Edit: You linked to an article...let me read that and then maybe I'll understand what you're saying.
I see the "or of the press" phrase as a truism within the Free Speech Clause itself that, again, I think draws justification from what's included between those semicolons. (And spoiler alert: when we get to the Establishment Clause and so called "Free Exercise Clause", I feel the same way, which should be even more intriguing.) Freedom of speech, more accurately, freedom of expression, has very limited use if all that it grants is the ability to physically speak in public spaces. So in order for it to practically work, you also have to guarantee it via all vehicles of transmission, of which have expanded dramatically since the Founding.
The key reason why I think trying to make the "or of the press" phrase anything more than that runs into logical problems would be trying to determine who qualifies as a "journalist". I'll start with myself as a mundane example that's actually highly relevant on this day. Today is when I expect the NFL's compensatory draft picks to be released. I've devised a formula that tries to project what they are, and have written several articles on why I think this is what it's going to be. I don't consider myself a professional journalist by any means, but I have been cited by people who are. Yet I don't believe I have any less of a right under the Constitution to report on comp picks than the people who cite me.
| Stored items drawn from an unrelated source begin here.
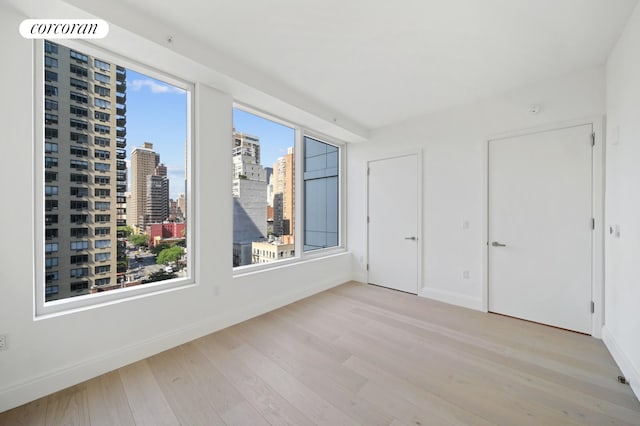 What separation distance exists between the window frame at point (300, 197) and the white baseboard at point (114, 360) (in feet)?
1.59

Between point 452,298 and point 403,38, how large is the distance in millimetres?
3187

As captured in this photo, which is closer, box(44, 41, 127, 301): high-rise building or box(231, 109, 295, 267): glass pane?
box(44, 41, 127, 301): high-rise building

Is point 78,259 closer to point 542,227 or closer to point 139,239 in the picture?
point 139,239

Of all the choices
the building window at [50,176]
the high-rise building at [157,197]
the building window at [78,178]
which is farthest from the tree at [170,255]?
the building window at [50,176]

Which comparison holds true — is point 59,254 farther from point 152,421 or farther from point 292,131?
point 292,131

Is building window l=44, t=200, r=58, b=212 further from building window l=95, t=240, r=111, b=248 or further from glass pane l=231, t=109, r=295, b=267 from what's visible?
glass pane l=231, t=109, r=295, b=267

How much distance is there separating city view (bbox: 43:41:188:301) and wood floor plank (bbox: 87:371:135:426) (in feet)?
2.27

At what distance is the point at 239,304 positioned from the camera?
288 centimetres

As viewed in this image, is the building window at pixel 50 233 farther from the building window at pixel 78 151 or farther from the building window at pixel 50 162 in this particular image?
the building window at pixel 78 151

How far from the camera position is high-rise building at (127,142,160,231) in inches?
90.4

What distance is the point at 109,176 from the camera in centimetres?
217

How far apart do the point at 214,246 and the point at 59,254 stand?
116cm

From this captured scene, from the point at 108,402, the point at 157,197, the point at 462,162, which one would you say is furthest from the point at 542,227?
the point at 108,402

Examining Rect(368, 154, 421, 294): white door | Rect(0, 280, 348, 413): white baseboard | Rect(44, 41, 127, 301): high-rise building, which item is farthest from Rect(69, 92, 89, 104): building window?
Rect(368, 154, 421, 294): white door
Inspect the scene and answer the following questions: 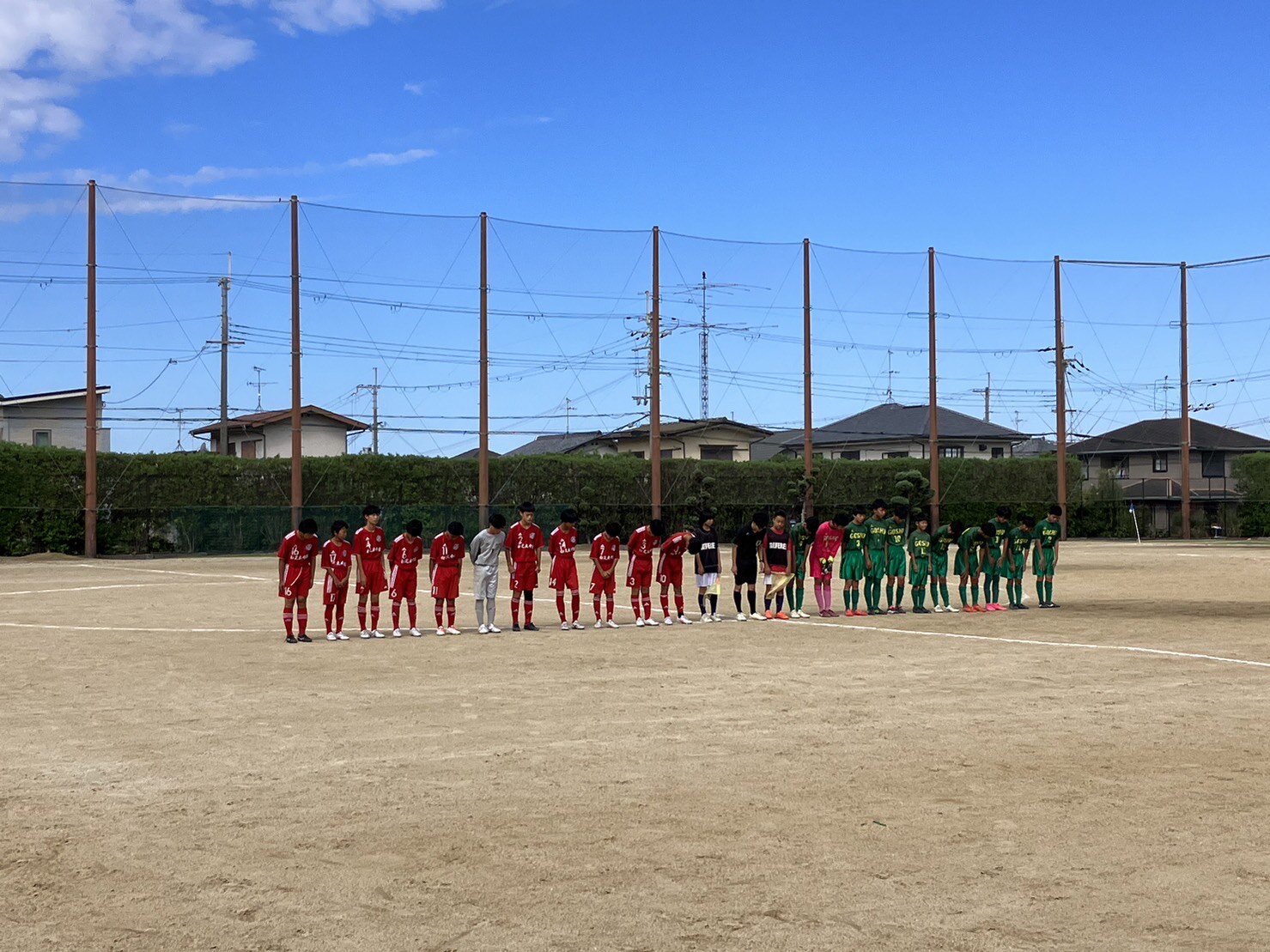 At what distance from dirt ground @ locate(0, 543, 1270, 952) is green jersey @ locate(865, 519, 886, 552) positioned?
5210 mm

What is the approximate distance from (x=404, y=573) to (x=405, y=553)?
27 centimetres

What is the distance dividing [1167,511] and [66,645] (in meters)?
60.9

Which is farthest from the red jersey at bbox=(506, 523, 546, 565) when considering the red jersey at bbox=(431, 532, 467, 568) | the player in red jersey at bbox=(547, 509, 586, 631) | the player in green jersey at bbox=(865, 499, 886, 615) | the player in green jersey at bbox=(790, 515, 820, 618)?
the player in green jersey at bbox=(865, 499, 886, 615)

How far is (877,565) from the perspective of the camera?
67.8ft

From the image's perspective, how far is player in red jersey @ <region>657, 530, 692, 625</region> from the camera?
63.6 ft

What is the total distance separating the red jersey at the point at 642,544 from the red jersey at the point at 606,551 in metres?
0.27

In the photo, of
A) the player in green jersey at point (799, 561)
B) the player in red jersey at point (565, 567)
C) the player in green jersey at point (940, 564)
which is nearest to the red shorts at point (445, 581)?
the player in red jersey at point (565, 567)

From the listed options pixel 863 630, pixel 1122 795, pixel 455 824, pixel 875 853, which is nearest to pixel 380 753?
pixel 455 824

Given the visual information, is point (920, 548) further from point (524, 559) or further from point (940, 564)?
point (524, 559)

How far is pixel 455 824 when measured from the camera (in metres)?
7.11

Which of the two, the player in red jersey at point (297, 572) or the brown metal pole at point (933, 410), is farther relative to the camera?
the brown metal pole at point (933, 410)

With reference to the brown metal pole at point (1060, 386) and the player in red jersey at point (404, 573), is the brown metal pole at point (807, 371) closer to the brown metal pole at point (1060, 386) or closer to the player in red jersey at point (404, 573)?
the brown metal pole at point (1060, 386)

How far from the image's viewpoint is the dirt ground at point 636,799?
555cm

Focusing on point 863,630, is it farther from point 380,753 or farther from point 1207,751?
point 380,753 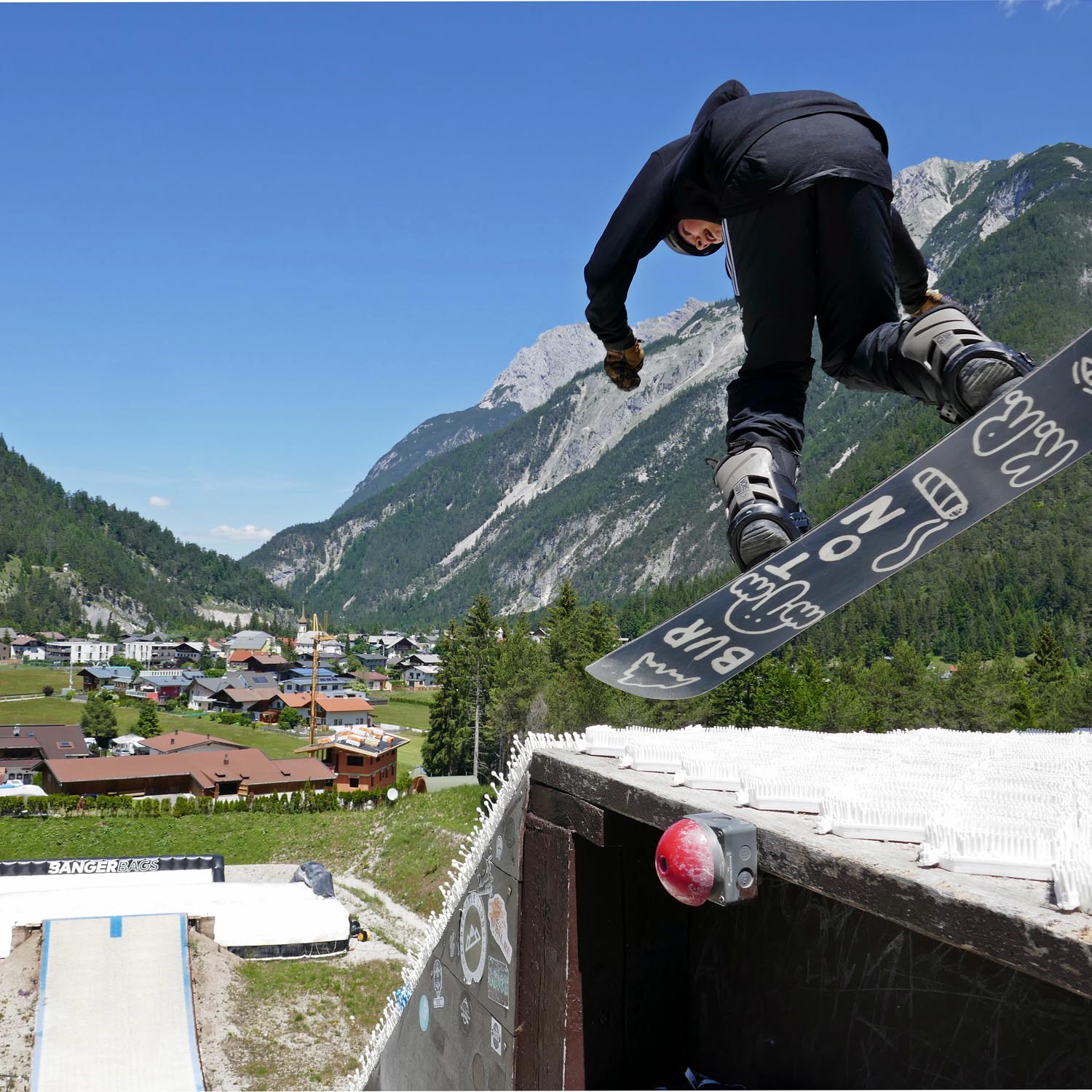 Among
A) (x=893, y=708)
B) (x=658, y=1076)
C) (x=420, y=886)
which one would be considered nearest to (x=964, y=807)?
(x=658, y=1076)

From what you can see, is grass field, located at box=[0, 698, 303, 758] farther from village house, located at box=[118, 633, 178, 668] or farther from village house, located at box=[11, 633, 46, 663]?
village house, located at box=[11, 633, 46, 663]

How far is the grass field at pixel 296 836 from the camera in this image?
123ft

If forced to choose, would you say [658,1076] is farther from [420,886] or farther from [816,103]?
[420,886]

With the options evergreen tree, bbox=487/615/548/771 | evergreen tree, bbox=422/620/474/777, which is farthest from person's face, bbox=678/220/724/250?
evergreen tree, bbox=422/620/474/777

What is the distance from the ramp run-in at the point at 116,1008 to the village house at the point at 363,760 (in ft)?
106

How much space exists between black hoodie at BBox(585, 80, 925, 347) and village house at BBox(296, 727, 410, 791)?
56748mm

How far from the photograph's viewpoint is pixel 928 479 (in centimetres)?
304

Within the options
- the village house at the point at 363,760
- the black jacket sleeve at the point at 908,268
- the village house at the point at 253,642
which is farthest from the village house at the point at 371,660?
the black jacket sleeve at the point at 908,268

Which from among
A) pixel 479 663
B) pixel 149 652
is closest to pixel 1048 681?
pixel 479 663

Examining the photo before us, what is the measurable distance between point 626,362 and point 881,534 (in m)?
1.69

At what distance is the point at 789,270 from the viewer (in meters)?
3.45

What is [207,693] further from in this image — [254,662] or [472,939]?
[472,939]

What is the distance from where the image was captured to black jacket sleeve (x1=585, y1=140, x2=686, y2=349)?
3.75 m

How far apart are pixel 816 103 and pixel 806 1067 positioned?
4.88 meters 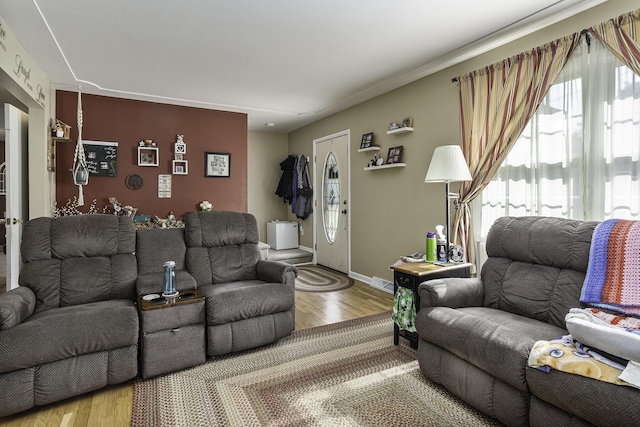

For a more serious example, take expenditures used on campaign messaging (a controversial form of speech that I'm surprised you didn't mention in your list of types of speech you wanted to question), and more specifically the highly controversial Citizens United v. FEC case. This is the case that really opened my eyes to this. Citizens United is a nonprofit corporation whose goal is to express advocacy for their favored forms of government and society. The New York Times is a for-profit company that has an entire section devoted to expressing the same. Yet the idea that the NYT somehow has more legitimacy under the First Amendment to spend on distributing their point of their view than Citizens United makes no sense to me. (You can make the same argument about, say, the ACLU vs. the Wall Street Journal, or whatever combination you want.)
So getting back to what you teach your students, I think that teaching them that "freedom to share what you think with a lot of other people that you don't know" is a very important part of the Free Speech Clause and the First Amendment as a whole, and it should be taught. But I think that explanation helps strengthen the idea that that freedom should be granted to all, and not just those who have professional expertise in it.
With Citizens United, the way you frame speech/press I think changes the entire nature of the argument. Instead of arguing whether nonprofits or unions or corporations have free speech to engage in political expenditures it becomes an issue of why some people/corporations by virtue of being considered journalists were allowed free speech in the days leading up to an election when other people/corporations couldn't engage in basically the exact same behavior just because they weren't considered journalists. Maybe comparing themselves to the NYT or FOXNews, etc., would have been a better way for them to have gone. I'm kind of thinking out loud here, but it seems like this path could have saved them from the clunkier "corporations are people" route that the Court ultimately went.